▶

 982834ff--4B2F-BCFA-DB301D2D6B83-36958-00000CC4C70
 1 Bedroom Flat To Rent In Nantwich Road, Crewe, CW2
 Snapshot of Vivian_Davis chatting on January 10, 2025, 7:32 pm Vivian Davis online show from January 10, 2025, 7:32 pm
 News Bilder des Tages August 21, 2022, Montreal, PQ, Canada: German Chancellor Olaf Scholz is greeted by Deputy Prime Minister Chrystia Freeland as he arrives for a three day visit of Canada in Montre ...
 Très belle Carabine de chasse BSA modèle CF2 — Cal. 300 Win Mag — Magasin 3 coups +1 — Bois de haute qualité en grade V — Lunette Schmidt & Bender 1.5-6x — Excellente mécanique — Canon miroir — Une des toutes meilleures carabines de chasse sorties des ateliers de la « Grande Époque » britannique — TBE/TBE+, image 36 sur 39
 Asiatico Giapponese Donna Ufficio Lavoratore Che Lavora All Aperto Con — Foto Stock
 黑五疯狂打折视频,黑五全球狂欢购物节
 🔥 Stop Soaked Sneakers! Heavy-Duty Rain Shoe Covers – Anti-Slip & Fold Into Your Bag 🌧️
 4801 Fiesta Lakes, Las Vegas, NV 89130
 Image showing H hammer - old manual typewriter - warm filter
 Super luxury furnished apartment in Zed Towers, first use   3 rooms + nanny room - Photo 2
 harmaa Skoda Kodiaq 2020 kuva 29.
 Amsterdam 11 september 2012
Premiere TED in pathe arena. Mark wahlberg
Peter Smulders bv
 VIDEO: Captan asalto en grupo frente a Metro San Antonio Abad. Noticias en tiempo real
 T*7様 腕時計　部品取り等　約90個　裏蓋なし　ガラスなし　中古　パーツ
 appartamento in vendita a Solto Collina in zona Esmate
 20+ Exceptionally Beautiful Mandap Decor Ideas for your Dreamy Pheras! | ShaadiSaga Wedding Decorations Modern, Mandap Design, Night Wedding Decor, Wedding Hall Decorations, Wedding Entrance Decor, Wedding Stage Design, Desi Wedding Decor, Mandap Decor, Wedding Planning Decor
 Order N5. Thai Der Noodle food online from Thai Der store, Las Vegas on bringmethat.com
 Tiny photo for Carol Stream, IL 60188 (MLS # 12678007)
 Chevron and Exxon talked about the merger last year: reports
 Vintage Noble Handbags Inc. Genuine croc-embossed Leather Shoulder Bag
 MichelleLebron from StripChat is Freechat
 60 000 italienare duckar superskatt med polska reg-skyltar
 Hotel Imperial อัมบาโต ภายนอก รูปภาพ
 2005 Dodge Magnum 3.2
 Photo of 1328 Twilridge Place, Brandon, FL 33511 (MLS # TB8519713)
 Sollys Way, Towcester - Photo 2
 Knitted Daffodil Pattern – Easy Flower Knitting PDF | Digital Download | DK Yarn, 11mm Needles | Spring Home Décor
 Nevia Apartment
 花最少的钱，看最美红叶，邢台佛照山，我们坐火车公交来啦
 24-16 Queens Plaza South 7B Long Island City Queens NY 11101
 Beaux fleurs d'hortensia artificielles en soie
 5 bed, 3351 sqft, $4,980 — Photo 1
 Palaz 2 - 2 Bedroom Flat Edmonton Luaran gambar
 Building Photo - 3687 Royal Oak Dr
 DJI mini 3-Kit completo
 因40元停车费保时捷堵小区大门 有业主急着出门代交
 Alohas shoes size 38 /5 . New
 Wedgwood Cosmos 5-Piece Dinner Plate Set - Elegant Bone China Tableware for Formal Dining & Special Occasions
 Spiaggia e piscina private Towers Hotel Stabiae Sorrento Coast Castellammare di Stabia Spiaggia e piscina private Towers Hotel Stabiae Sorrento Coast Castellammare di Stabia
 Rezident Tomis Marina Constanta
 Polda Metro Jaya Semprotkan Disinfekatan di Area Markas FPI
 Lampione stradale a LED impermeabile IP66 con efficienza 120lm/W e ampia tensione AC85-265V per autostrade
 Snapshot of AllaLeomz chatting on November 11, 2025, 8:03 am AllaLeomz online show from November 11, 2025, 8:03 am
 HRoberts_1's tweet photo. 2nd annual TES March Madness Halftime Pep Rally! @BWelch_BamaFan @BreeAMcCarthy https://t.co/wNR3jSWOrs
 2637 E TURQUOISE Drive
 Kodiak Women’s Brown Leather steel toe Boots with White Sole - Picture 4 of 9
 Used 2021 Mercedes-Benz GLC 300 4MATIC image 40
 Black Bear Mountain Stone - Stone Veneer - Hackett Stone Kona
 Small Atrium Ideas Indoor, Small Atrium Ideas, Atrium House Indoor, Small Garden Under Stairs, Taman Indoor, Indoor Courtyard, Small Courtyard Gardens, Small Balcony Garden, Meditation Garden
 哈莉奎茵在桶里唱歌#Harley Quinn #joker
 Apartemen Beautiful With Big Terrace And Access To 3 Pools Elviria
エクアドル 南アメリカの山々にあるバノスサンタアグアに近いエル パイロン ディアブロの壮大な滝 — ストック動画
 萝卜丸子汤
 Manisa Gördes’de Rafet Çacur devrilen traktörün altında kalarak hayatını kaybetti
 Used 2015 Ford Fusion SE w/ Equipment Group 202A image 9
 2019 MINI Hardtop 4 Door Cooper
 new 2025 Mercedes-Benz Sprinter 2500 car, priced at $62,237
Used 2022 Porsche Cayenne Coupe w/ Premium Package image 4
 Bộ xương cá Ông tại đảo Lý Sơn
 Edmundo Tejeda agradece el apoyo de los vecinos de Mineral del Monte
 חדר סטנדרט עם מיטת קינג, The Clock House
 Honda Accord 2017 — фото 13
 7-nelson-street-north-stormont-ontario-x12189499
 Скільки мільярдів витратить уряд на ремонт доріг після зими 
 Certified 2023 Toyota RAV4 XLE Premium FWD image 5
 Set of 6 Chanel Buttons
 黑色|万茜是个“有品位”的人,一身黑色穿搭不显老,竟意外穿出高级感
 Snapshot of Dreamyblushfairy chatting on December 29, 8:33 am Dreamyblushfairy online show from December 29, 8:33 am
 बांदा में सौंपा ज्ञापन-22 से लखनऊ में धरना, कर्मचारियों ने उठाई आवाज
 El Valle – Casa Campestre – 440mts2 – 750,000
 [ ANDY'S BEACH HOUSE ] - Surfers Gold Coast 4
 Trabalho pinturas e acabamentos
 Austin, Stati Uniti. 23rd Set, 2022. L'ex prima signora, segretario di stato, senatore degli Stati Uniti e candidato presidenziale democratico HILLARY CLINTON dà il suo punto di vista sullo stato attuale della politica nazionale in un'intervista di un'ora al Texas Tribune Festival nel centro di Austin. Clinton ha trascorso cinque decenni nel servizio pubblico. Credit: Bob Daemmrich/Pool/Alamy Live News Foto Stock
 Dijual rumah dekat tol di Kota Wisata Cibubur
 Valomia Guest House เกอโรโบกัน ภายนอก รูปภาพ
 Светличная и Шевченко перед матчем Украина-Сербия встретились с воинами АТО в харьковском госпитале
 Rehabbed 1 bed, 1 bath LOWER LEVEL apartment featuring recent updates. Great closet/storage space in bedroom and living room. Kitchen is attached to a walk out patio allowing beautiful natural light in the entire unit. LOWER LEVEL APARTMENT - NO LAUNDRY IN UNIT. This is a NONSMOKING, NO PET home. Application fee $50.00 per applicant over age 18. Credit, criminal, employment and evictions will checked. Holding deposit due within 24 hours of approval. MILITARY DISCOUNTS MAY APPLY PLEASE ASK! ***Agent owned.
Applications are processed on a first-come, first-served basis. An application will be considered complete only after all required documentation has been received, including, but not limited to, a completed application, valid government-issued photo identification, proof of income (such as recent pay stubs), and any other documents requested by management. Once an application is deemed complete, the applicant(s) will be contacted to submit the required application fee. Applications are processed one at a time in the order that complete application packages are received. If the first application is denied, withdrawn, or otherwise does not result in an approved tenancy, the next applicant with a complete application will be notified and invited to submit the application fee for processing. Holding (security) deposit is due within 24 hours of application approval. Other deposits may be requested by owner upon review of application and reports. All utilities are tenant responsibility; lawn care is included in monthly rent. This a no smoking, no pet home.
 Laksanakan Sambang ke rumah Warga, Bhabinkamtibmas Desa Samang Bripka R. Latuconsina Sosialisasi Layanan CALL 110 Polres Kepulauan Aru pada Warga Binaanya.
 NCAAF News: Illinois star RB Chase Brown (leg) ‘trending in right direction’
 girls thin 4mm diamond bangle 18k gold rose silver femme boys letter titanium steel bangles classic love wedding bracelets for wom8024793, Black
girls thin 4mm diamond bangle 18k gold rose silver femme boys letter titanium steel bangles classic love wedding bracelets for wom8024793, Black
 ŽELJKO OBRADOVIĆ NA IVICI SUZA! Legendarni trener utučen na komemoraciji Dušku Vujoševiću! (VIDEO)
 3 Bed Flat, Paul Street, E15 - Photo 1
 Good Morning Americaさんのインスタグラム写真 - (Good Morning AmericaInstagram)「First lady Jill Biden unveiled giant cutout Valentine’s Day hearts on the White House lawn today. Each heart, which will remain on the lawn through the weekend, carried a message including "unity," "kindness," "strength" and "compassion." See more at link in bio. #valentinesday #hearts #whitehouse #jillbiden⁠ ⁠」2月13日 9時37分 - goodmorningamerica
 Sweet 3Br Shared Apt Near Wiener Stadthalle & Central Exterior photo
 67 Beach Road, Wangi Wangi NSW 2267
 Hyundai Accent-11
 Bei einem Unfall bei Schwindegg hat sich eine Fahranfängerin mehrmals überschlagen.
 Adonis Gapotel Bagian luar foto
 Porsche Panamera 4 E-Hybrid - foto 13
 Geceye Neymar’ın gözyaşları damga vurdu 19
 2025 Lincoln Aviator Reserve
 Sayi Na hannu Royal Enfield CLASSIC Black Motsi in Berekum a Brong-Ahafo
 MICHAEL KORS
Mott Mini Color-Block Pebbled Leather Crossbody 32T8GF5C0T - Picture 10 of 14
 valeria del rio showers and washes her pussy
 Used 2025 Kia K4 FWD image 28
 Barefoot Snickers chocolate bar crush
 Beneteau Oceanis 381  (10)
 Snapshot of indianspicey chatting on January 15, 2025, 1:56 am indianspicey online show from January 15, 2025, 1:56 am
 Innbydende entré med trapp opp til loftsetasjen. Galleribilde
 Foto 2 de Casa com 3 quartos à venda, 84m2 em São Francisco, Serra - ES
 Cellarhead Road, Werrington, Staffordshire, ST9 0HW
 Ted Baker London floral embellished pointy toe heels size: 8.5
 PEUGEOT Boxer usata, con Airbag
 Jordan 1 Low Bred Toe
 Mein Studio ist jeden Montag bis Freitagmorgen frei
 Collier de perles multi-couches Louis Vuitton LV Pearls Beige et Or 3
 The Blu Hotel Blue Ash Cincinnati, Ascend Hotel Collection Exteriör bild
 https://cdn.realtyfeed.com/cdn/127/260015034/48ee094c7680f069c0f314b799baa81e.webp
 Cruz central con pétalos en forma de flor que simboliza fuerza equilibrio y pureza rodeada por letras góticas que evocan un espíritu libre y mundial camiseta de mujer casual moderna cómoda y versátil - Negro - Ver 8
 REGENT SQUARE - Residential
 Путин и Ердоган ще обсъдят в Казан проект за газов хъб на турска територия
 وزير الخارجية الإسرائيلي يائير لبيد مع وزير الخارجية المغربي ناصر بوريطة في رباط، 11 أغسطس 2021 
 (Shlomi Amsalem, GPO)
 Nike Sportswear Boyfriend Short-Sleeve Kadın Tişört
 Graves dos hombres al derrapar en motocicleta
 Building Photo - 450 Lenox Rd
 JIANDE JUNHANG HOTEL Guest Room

◀

(Your task): Within the records above, the line carrying "وزير الخارجية الإسرائيلي" starts the range and the last line ends it. Set down that range exactly.

(Answer to the problem):
 وزير الخارجية الإسرائيلي يائير لبيد مع وزير الخارجية المغربي ناصر بوريطة في رباط، 11 أغسطس 2021 
 (Shlomi Amsalem, GPO)
 Nike Sportswear Boyfriend Short-Sleeve Kadın Tişört
 Graves dos hombres al derrapar en motocicleta
 Building Photo - 450 Lenox Rd
 JIANDE JUNHANG HOTEL Guest Room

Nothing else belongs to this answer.